In the individuals examined in this study, there were 8 doubly polymorphic patterns where subjects had more than 1 polymorphism in the core α7 promoter. Five of these double variants were found only in schizophrenic patients(marked with asterisks in Table 4).DNA fragments were cloned and sequenced from individuals with most of the double variant patterns isolated thus far. Three primer sets were used, 1 that amplified the core promoter of 271 bp (Table 2; primer set 2); another set that included the core promoter, exon 1, and part of intron 1 (primer set 1); and a primer set including the core promoter, exon 1, intron 1, exon 2, and part of intron 2 (primer set6). Two variants were never found on the same chromosome, and only 2 alleles were present in all cases examined, indicating that the core promoter region is not duplicated in these individuals and, further, that each variant is a separate allele. Thus, polymorphisms in the core promoter of the full-length α7 nicotinic receptor gene are found more frequently in schizophrenic individuals than in subjects with no family history of schizophrenia, and double variants are likely to result from inheritance of 1 mutant allele from each parent.
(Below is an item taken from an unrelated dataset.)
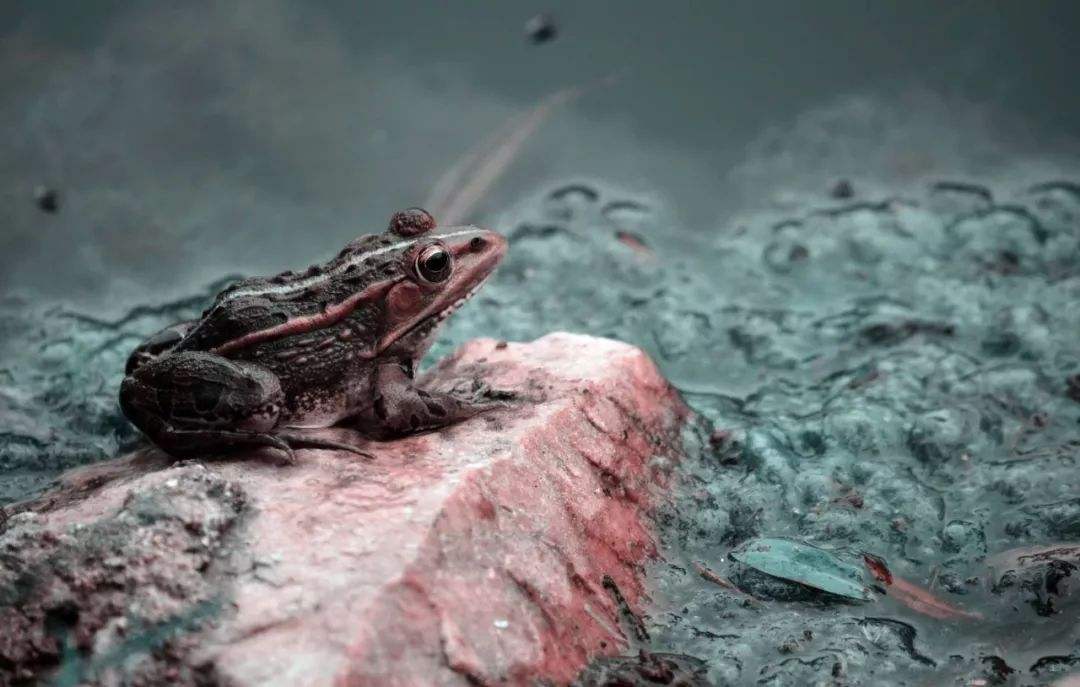 癞蛤蟆身体里的毒液是有毒的,癞蛤蟆的毒液对人体有没有伤害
Thirty-four affected full sib pairs were examined in 30 families that had 1 or more of the promoter polymorphisms. Fourteen of the 34, or 0.41 sib pairs, shared at least 1 of these variants. For the common −86-bp C→T, 6 of 12 sib pairs shared the polymorphism.
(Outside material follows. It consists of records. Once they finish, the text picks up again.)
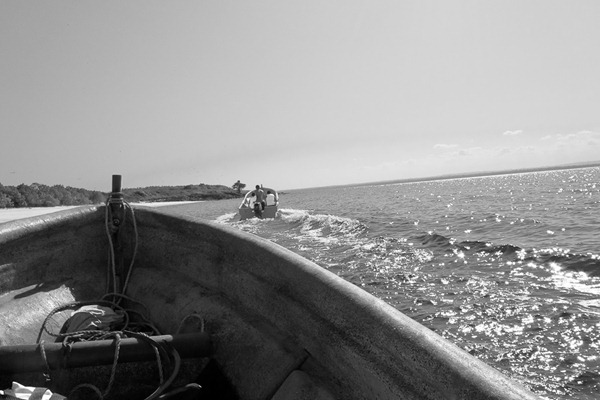P1040292 P1040292
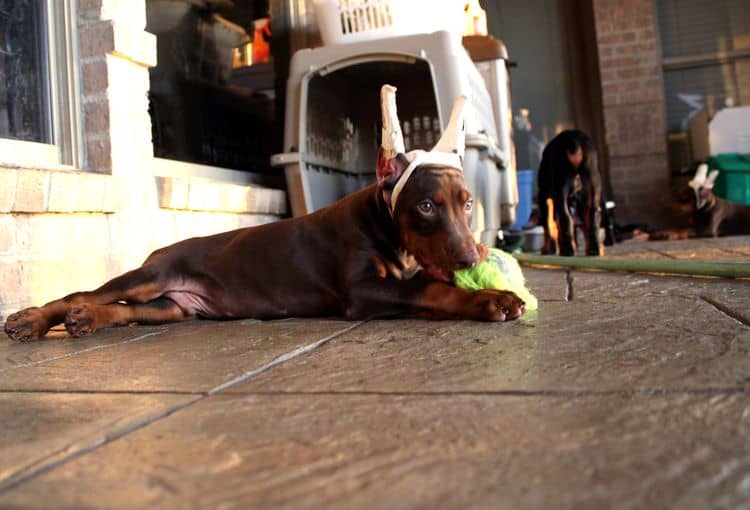 8 week old doberman puppies; red and rust, black and rust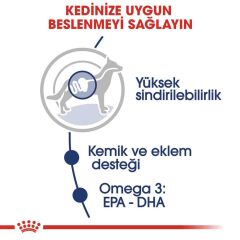 Royal Canin Maxi Adult Büyük Irk Yetişkin Köpekler İçin Parça Etli Konserve Mama 140 gr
In vitro functional analysis has been performed for several of the polymorphisms found more frequently in schizophrenic subjects. A luciferase reporter gene assay was used to compare the normal core promoter sequence with a fragment containing one of these variants. The results are shown in Figure 3. Variants at −86 bp, −92 bp, −143 bp, −178 bp, −194 bp, and −241 bp decreased transcription of the luciferase reporter gene in this in vitro assay, suggesting that presence of one of these polymorphisms in the core promoter region may decrease transcription from the gene. The −86-bp C→T variant resulted in a decrease in luciferase transcription of 20% (P<.0001). The functional promoter mutations examined thus far were statistically more prevalent(χ21 = 7.302, P = .007) in schizophrenic patients than in the control subjects.
Although promoter variants were found in control subjects, they were fewer in number than in schizophrenic patients. In complex disorders where multiple gene variants may be interacting with environmental factors to produce the disease, it has been suggested that functional polymorphisms are likely to be common in the general population, where each may have a more elementary phenotype, such as a biochemical or electrophysiologic abnormality that is part of the pathophysiology of the illness.55,56 We, therefore, decided to examine the association of CHRNA7 promoter polymorphisms in our living control subjects with a functional electrophysiologic assay, inhibition of the P50 response to paired auditory stimuli. We measured P50 auditory sensory gating in 151 of the 152 live controls used in this study. The range of P50 ratios (T/C) for controls was 0.00 to1.91. Overall mean P50 ratio was 0.22 ± 0.27. There were 38 adult schizophrenic subjects collected locally where P50 recording was done. The mean P50 ratio for these patients was 0.92 ± 1.02, with a range of 0.00 to 4.96. Eighteen patients with childhood-onset schizophrenia, included in the mutation screen, were also recorded. Their mean was 1.05 ± 0.91, similar to that of the adult patients with schizophrenia. The mean ratio for the schizophrenic patients was significantly greater than that of the control subjects (t205 = 8.49, P<.0001).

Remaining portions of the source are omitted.